The single most sustainable motivator in the workplace is not money. It is the expression of gratitude.

In organizations where a culture of appreciation thrives, productivity, retention and employee engagement all increase. This is good news for the people who work in the organization and for the corporate bottom line. However, despite there being no downside to creating a culture of gratitude, few organizations make the effort. According to the U.S. Department of Labor, 65% of Americans reported receiving no recognition during the past year at their work. To really reap the benefits of a culture of gratitude, the effort has to be both intentional and sincere.

According to a recent study on gratitude, “managers need to be specific, personalize the message, deliver it in a timely fashion, and make the thanks equal to the deed.” This requires leadership to pay closer attention to their workforce. The bestselling business book, “In Search of Excellence” by Tom Peters and Robert H. Waterman Jr., introduced the concept of MBWA — managing by walking around. Its origins were in the corporate culture at Hewlett-Packard in the ‘70s. Managers were encouraged to wander randomly through the workplace without prearranging their visits. The purpose was to “catch someone doing something right” and to express appreciation to the individual. This practice is intentional, timely and personal. MBWA also requires the manager or supervisor to be tactful. Unannounced visits occasionally reveal workplace conditions or activity that cannot be overlooked.

Being specific and intentional are straightforward and easy to deliver. Sincerity is a different challenge. In the day-to-day operations of any organization, there are misfires and setbacks.
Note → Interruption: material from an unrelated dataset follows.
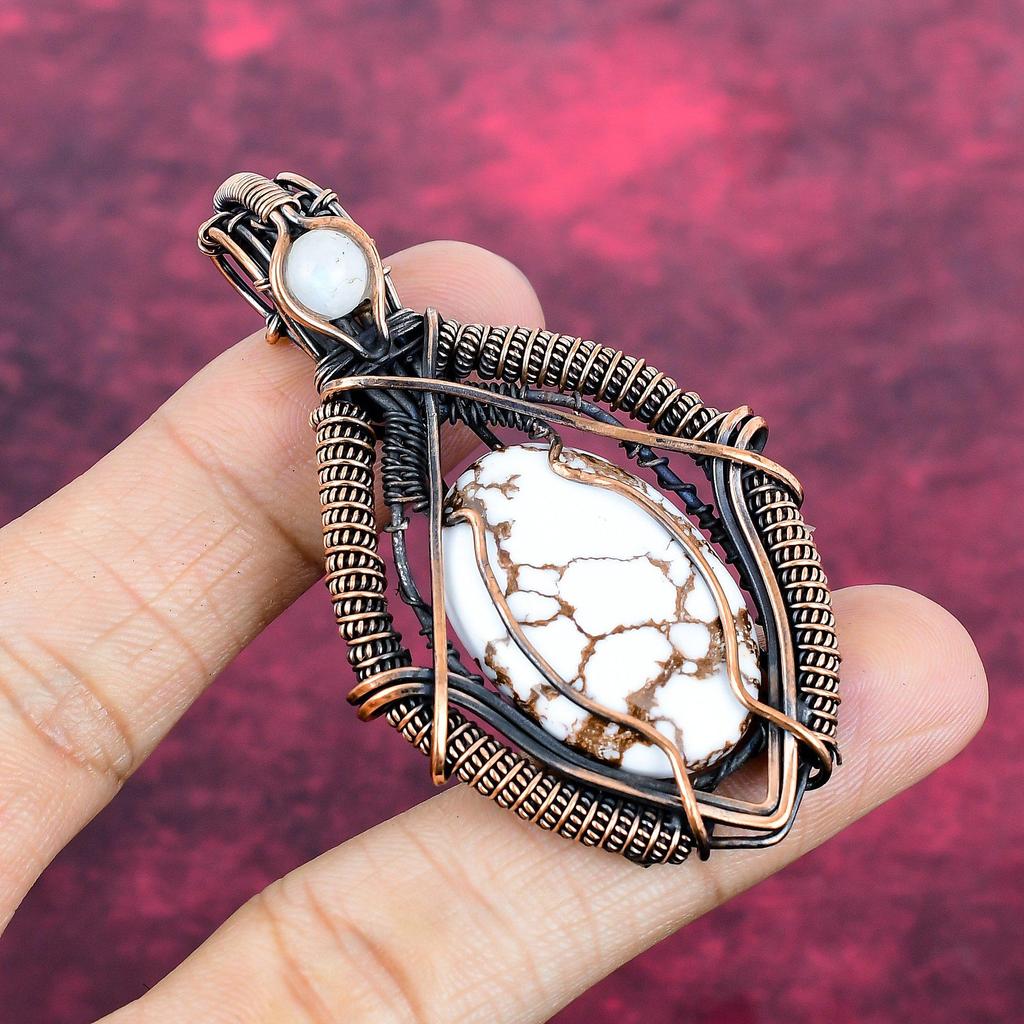 Wild Horse Magnesite Pendant Copper Wire Wrapped Rainbow Moonstone Jewelry Handmade Gemstone Pendant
It is difficult to be appreciative if revenues are down, profitability is decreasing, deadlines are missed, or any number of negative factors are present.
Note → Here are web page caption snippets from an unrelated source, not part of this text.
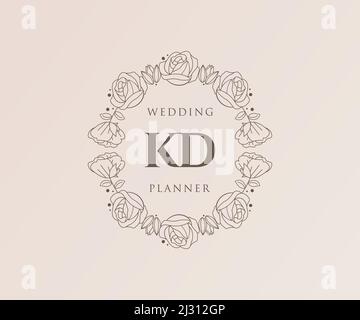 KD Initials Letter Hochzeit Monogram Logos Kollektion, handgezeichnete moderne minimalistische und florale Vorlagen für Einladungskarten, Save the Date, elegant Stock Vektor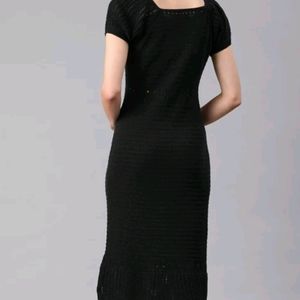 Black Sheath Crochet Dress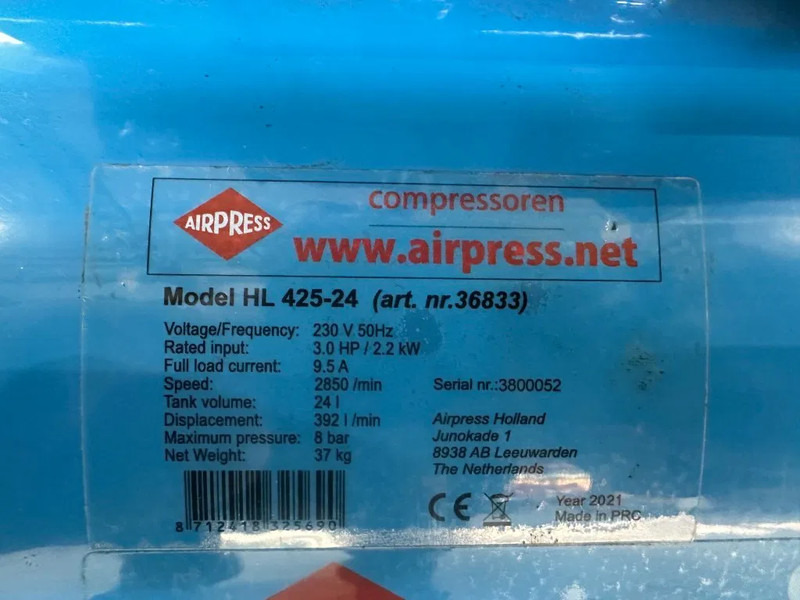 Airpress HL 425-24 Elektrische Zuigercompressor 3 PK 392 L / min 8 Bar Overstock New ! - ضاغط الهواء: صور 3 Airpress HL 425-24 Elektrische Zuigercompressor 3 PK 392 L / min 8 Bar Overstock New ! - ضاغط الهواء: صور 3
The reality is that even when conditions are less than favorable, the people doing the work deserve to be recognized for their positive efforts. This is the strategic aspect of cultivating an organizational culture of gratitude. To be effective, it has to start at the top. Training through interactive workshops can help managers develop the techniques that foster the culture of gratitude.

There are several ways that organizations can begin to establish a culture of gratitude:

• Provide feedback: Establish mechanisms for each individual to receive regular individual feedback.

• Show respect: The level to which we are respected has a significant impact on our level of happiness.

• Provide and communicate growth opportunities: Providing opportunities for career enhancement will not only improve your employee’s skill set, it will make them feel valued.

• Have face time: Without regular face-to-face interaction with managers and co-workers, employees can be left to feel removed from the big picture and often times lose sight of their purpose within the organization.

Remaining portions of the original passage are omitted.